Consequently, in Luzon a better class of machinery was used. In 1890, five haciendas had vacuum pans installed in their mills while one refinery was constructed in Malabon. In 1885, the government also acquired a vacuum pan for the San Ramon penal colony where a pilot sugar plant had been built. Almost all of the sugar mills in Negros used European machinery while every other sugar-producing province roughly made vertical mills of wood or stone (wood in the south and stone in the north) as introduced by the Chinese centuries earlier. The outbreak of the Philippine revolution against Spain in 1896 did no affect to any great extent the agricultural products exported by the Philippines. However, the Philippine-American War of 1899-1901 covered a larger theater of conflict and the fighting followed wreaked havoc on the countryside. All of Luzon, Cebu, Panay, Negros and parts of Mindanao were included in the devastation. Sugar production dropped considerably. The sugar industry did not recover from the ill effects of the war until peace and order was restored in 1902 and not until 1913 did it reach the level of its exports during the last years of the Spanish regime.

The development of the Philippine sugar industry prospered and was encouraged during the American occupation of the country by allowing the Philippines to export sugar to the United States under preferential terms.

It will be recalled however, that the U.S. became a market for the Philippine sugar as early as 1796. From 1880 to 1889 sugar exports to the U.S. averaged approximately 200,000 metric tons annually. Then, as now the U.S. has become the country’s principal export market.

In 1902, by an act of Congress, the U.S. admitted entry of the Philippine sugar, paying only 75% of the duty or 1.685 cents per pound.

In 1909, the U.S. Congress passed the Payne-Aldrich Tariff Act. This law established a limited free trade arrangements between the U.S. and the Philippines. Under this free trade arrangements, 300,000 tons of sugar can be admitted to the U.S. free of duty.

In 1913, the U.S. Congress enacted the Underwood-Simmons Tariff Law which removed the quantitative limitation on duty-free products of the Philippines entering the U.S.

Under this stimulus, the Philippine sugar industry developed and expanded. Forty seven (47) mills were established before the last world war. Production rose by 502% from 206,000 tons in the 1912-1913 crop year to an all time high of 1,565,405 tons for 1933-1934.

Before the passage of the Jones Costigan Act in 1933, the Continental U.S. imported 1,249,000 tons of Philippine sugar. At about the same time, our domestic consumption needs were barely 90,000 tons. As a result of the restrictive U.S. sugar programs of the late 1930’s, imports for the Philippines were cut down to 1,088,000 tons in 1934 and were held at 980,000 tons under the then existing U.S. sugar laws. This remained to be so until the outbreak of World War II.

The Philippine legislature for its part approved the Sugar Limitation Law (Act No. 4166) which limited our sugar production to the then existing quotas – 90,000 short tons for domestic consumption and 980,000 short tons raw value for export to the United States.

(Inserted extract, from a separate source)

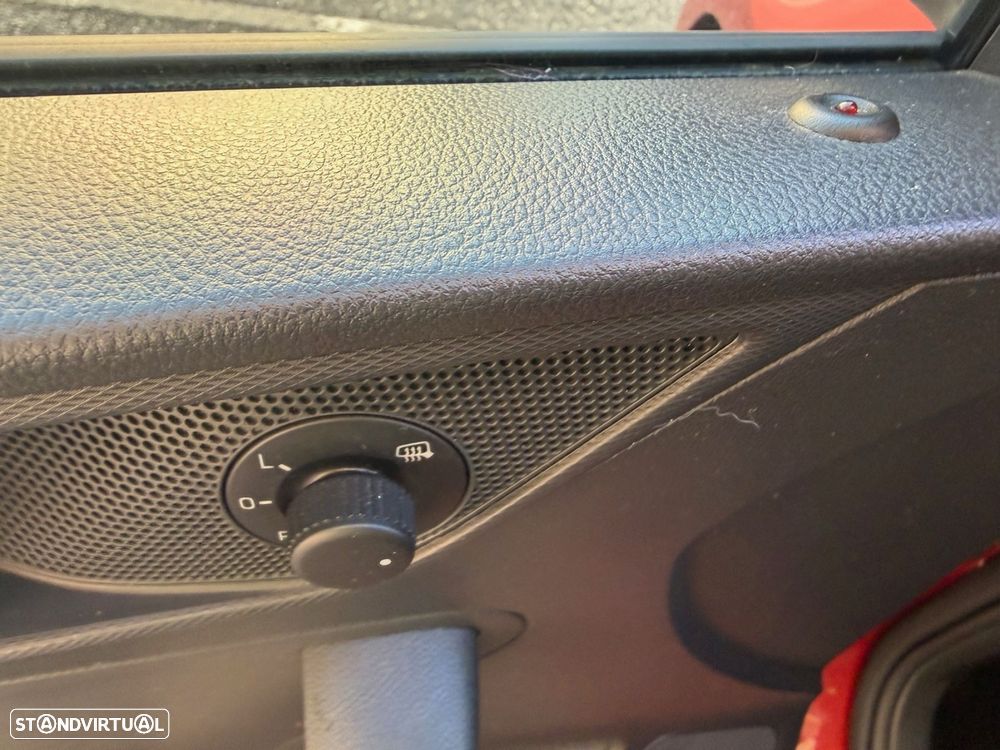 Skoda Rapid Spaceback 1.4 TDI DSG Style - 37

Executive Order No. 900 provided for the system of allotting these national quotas, on the basis of the production coefficients arrive at after an audit of the industry.

During the last World War II, the sugar industry was destroyed. When the war ended, the Philippine sugar industry started to reconstruct itself. Of the 47 mills existing before the war, only 25 were completely rehabilitated.

Under the Philippine Trade Act of 1946 extended up to 1974 by the Laurel-Langley Agreement, the Philippine basic quota of sugar for export to the U.S. was maintained at 980,000 short tons, raw value or 952,000 short tons commercial weight.

In 1956, when amendments were introduced into the 1948 U.S. Sugar Act, the Philippines did not get any increase. The first break came in 1960. Under several amendments to the U.S. Sugar Act, the Philippines received quota increases in the form of non-quota purchases. In 1962, a basic quota increase of 70,000 short tons plus the right to participate in shortfalls and the global quotas, in a “first-come first-served” basis was given to the Philippines.

The culmination of the long campaign for increased quotas came in 1965 under the 1965 U.S. Sugar Act amendments which provide for the following:

  1. A basic quota of 1,050,000 short tons plus 10.86% of any U.S. consumption increase from 9.7 million to 10.4 million tons or a total basic quota of 1,126,000 short tons for the Philippines.
  2. 47.22% of the deficits of U.S. domestic producers and other foreign country suppliers which conservatively is estimated to be about 200,000 tons, shall be allotted to the Philippines.
  3. The encouragement, if not a requirement that the Philippines maintain in reserve the equivalent of 15% of her U.S. quotas or roughly 180,000 tons.
  4. The premium recapture fee and a quarterly system of allocation during the first semester of each calendar year.

After the approval of the U.S. Sugar Act Amendments of 1965, the expansion program of the Philippine sugar industry moved forward rapidly on a scale to ensure fulfillment of Philippine consumption and U.S. import requirements and the necessary reserves even under uncertain weather conditions that have been experienced by the industry so far. Under the expansion program, total mill capacity more than doubled from 76,991 metric tons of cane daily for 24 sugar centrals in crop year 1960-61 to 150,264 tons for 36 sugar centrals in crop year 1971-72. The expansion program yielded its initial results in crop year 1972-73 with the record crop of 2.3 million short tons commercial weight from 37 sugar mills. In 1974-75 crop year, the total yield from 38 sugar mills increased to 2.396 million metric tons sugar. The last of the 42 sugar mills started operating in crop year 1978-79 increasing the total mill capacity to 188,770 tons cane per day.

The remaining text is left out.